It doesn't work that way. We heard the same kinds of sentiments about No Child Left Behind when it passed in 2001. Backers on both sides of the aisle had problems with it, but both sides celebrated it as a major step forward -- and promised to make it better in the future.
"The agreement we reached reflects the best thinking of both sides," said Sen. Joe Lieberman.
"This was a reform bill. We can't have reform without resources, and that will be the next step," said Sen. Tom Daschle.
"This is a good bill... And there are going to be many additional steps that will be necessary along the way, but all of us are committed to following in those steps," said Sen. Ted Kennedy, the primary Democratic co-sponsor of the bill.
But despite the widespread commitment to taking the "many additional steps" needed, the steps were never taken, the resources were never allocated, the bill was never improved, and, indeed, is now generally regarded as a disaster (or, as Bill Clinton put it last year, "a train wreck").
In an ominous sign of things to come, Vicki Reggie Kennedy, Sen. Kennedy's widow, made many of the same arguments that were used in support of No Child Left Behind in her Washington Post op-ed promoting passage of the current health care bill.
It's a moving piece of writing -- and nobody doubts her late husband's heartfelt dedication to health care reform. But nobody doubted his dedication to education reform, either.
(In fact, stopping to think about it, isn't today's "health care reform" much like what the Republicans wanted to do with Social Security?)
Edit: You can tell some of the defenders are embattled because, to put it bluntly, they sound like assholes:
I'm sorry, but debating the kill-billers on the policy merits of their position has become a bit like debating the global warming denialists. The denalists operate by picking and choosing which evidence they cite and what arguments they respond to. Sometimes, they raise fairly good points or expose legitimately sloppy work on behalf of "consensus" scientists. Sometimes, they are being contrarian for contrarianism's sake. And sometimes, they're just throwing a bunch of sh*t at the wall and seeing what sticks, hoping that the underlying truth or lack thereof is lost in the fog of debate.See? Asshole. Even making this comparison is the proverbial "dick move" and makes it that much less likely that critics will me mollified.
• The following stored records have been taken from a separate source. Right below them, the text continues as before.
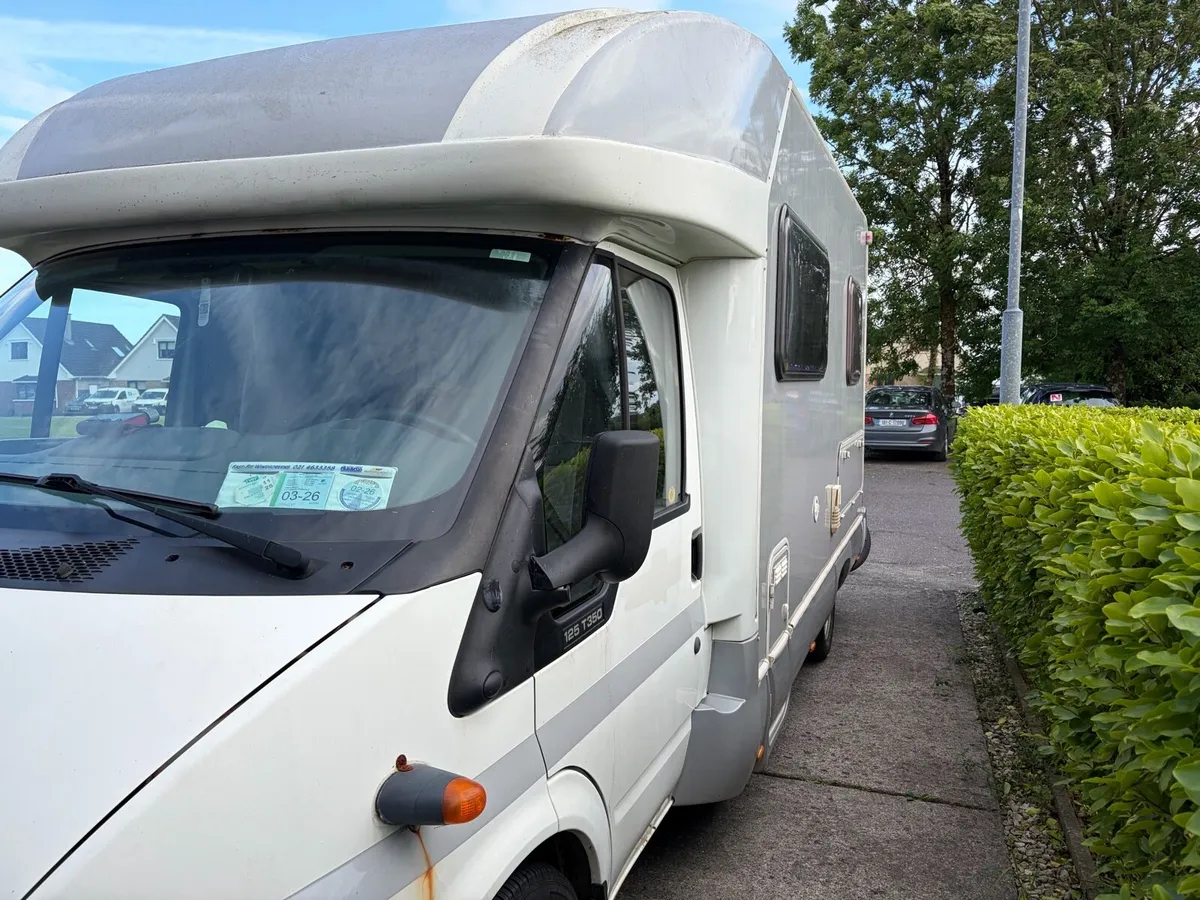 2004 Rimor Motorhome - Image 3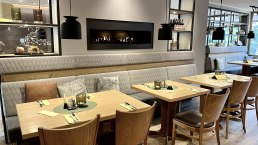 Restaurant Heidsmühle, © Heidsmühle Manderscheid Restaurant Heidsmühle, © Heidsmühle Manderscheid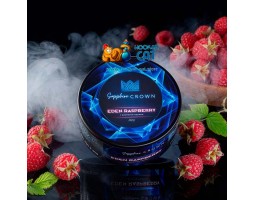Табак Sapphire Crown Eden Raspberry (Малина) 100г Акцизный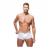 PUSH UP 4.0 Boxer Brief, biela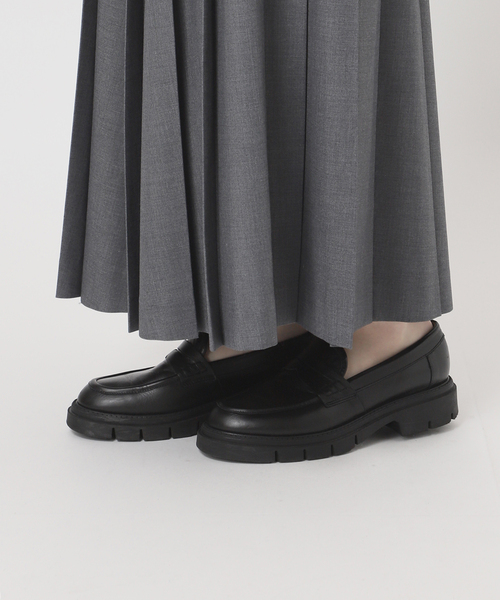 JOURNAL STANDARD（ジャーナルスタンダード） スカート プリーツロング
But, hey, Nate? You're the one who resembles the climate change denialists. Most of the denialists are saying what they're saying because they have a strong financial and economic reason to do so. Either they prosper from from the status quo, or don't want to pay the costs of the lifestyle changes. Some are honest contrarians, but not many.
It is your crowd that has the financial incentives here, Nate. Not the HCR critics. Remember, if if HCR fails, the Dems take it on the chin, and so does everybody in the outer Demosphere. That includes "progressive journalists" like Matt and Ezra and the TNR crew.
And, yes, it also includes Dem-aligned jumped-up baseball statisticians masquerading as policy wonks. Ones who also argued until they were blue in the face that Ahmedinejad won legitimately...eyewitness accounts of fraud notwithstanding.
(Or did you think we had forgotten about that?)
The piece actually got worse as time went on, casting all manner of aspersions on a legitimate health care expert, Jon Walker. Walker turned around and handed Nate his own hams.